The particular situation he’d gotten himself into may have been unusual, but the basic scenario was par for the course: In this case, it was the gap between two species he was hoping to bridge. Usually it was between humans that he sought to find common ground.
It is there always, the common ground between any two individuals, any two nations—that was his faith.
August in Connecticut is leafy and humid, and August in Jerusalem, where I live now, is a hilltop of stone cooled by evening winds. But in Hiroshima Peace Park in 2003, the sweltering morning of August 6 brought to mind the radioactive fires that had once incinerated people on that spot.
When the clock struck ten after eight, paper fans throughout the vast audience ceased their incessant fluttering and a hush bloomed over the city. On countless rows of folding chairs beneath the baking sun, thousands of Japanese bent their heads as one to remember those who had died in the Bomb, and to pray it should never be used in the world again.
We were attending Japan’s 58th-anniversary ceremony to mark the dropping of the Bomb. A few days before in a nearby corner of Peace Park, two of my sisters and I had represented our family at the unveiling of a monument to our father’s memory. Affecting reverent expressions, we gazed down admiringly—like good Japanese daughters—on the sculpted portrait emerging slightly from the marble slab. If you looked from a certain angle, it did have Daddy’s forehead, and from another—almost—his nose. But it didn’t have his smile.
When Koko Tanimoto was a child in Hiroshima and I a child in Connecticut, the two of us had never met. But our fathers shared a dream.
It was the writer Pearl S. Buck who brought them together in 1949, two idealistic young men from opposite sides of a divided world. Reverend Kiyoshi Tanimoto, a survivor of the Bomb, was operating a sewing workshop for 25 young women maimed in the explosion. Norman Cousins was a private citizen trying to come to terms with his beloved country’s abhorrent distinction as the one that had introduced humankind to nuclear war.

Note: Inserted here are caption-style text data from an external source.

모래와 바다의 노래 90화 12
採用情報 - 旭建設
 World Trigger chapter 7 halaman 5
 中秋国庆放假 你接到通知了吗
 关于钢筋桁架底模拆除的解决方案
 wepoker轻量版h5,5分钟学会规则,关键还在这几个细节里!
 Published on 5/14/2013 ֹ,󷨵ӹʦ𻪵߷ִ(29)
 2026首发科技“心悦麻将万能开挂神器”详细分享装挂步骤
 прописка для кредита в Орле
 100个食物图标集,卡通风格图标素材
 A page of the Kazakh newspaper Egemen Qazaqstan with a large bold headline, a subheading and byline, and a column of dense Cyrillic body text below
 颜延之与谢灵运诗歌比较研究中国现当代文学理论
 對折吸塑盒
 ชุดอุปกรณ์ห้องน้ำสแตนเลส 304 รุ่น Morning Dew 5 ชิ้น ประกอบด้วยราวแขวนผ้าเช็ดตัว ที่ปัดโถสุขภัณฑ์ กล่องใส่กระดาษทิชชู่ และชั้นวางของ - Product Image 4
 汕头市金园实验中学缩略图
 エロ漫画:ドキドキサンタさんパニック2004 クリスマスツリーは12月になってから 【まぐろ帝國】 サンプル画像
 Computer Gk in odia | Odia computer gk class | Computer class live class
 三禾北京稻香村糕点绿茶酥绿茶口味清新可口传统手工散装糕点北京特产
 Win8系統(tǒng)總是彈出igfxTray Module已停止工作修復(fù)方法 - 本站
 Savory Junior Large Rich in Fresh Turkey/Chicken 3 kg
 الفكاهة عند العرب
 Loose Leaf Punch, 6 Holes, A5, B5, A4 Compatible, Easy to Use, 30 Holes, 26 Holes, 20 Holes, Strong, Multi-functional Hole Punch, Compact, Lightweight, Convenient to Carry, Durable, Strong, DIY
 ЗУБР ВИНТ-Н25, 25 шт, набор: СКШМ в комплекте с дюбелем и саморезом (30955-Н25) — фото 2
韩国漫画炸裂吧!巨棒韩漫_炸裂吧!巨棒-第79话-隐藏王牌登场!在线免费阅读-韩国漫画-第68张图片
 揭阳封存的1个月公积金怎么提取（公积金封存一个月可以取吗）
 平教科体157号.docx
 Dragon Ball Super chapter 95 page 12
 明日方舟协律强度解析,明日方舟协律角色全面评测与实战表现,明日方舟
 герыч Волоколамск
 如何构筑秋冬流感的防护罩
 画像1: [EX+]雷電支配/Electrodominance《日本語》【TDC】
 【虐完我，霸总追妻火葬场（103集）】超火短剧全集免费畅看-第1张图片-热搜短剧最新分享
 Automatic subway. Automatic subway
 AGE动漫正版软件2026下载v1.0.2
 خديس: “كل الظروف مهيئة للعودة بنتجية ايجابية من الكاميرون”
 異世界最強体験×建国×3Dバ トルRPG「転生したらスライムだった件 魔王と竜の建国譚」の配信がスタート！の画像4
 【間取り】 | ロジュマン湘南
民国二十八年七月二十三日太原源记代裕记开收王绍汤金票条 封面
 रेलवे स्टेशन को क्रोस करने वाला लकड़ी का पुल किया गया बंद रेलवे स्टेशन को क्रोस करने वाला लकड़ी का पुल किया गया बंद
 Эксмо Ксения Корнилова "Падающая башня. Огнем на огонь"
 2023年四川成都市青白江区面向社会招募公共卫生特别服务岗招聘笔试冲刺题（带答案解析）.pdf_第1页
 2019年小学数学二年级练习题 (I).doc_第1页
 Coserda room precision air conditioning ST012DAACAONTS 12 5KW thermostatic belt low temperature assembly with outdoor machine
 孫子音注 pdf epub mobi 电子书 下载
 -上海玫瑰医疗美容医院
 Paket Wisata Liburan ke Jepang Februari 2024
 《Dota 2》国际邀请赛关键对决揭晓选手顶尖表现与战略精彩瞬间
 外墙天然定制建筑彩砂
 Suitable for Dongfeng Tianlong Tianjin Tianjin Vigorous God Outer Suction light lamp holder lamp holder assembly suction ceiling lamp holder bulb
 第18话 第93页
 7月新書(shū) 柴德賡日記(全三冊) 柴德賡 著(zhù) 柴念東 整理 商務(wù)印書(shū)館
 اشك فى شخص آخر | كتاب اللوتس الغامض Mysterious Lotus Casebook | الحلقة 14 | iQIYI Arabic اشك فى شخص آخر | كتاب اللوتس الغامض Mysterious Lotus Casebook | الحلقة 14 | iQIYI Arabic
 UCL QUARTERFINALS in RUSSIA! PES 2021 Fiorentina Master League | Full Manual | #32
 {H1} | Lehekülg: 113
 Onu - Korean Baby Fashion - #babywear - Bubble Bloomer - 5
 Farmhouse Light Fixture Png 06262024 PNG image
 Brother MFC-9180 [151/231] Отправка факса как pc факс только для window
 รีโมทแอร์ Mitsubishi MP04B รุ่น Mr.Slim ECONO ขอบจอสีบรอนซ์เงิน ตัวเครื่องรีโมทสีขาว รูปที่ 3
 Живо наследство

Reverend Tanimoto had asked Mrs. Buck if she could gather a group of Americans who would help support his workshop; she said she was too old and tired now. But there was a young American writer, the editor of a national magazine, who would probably help him raise funds and drum up publicity.
A few weeks later, on the first of many visits to the charred and ruined city, it was obvious to my father that the sewing workshop functioned primarily as a haven. The women—most of whom were still girls, hardly older than his eldest daughter, Andrea, 16—had lost face both figuratively and literally. The thousands who had perished instantly in the explosion, or who had died in its wake from radiation sickness, could be reverently memorialized. But these young women, with their deformed bodies, their faces obliterated in many cases beyond recognition by keloids, served as ignominious emblems of Japan’s inadmissible disgrace: Japan had been defeated in a war for which it was responsible.
The workshop hid the young women from their compatriots’ uncompassionate eyes.
Reverend Tanimoto and my father decided to create the Hiroshima Maiden Project, and they dreamed of sending these women—one of whom would later become my unofficially adopted sister—to the United States for plastic surgery. Contributions were solicited fromSaturday Review readers. The response was greater than anticipated.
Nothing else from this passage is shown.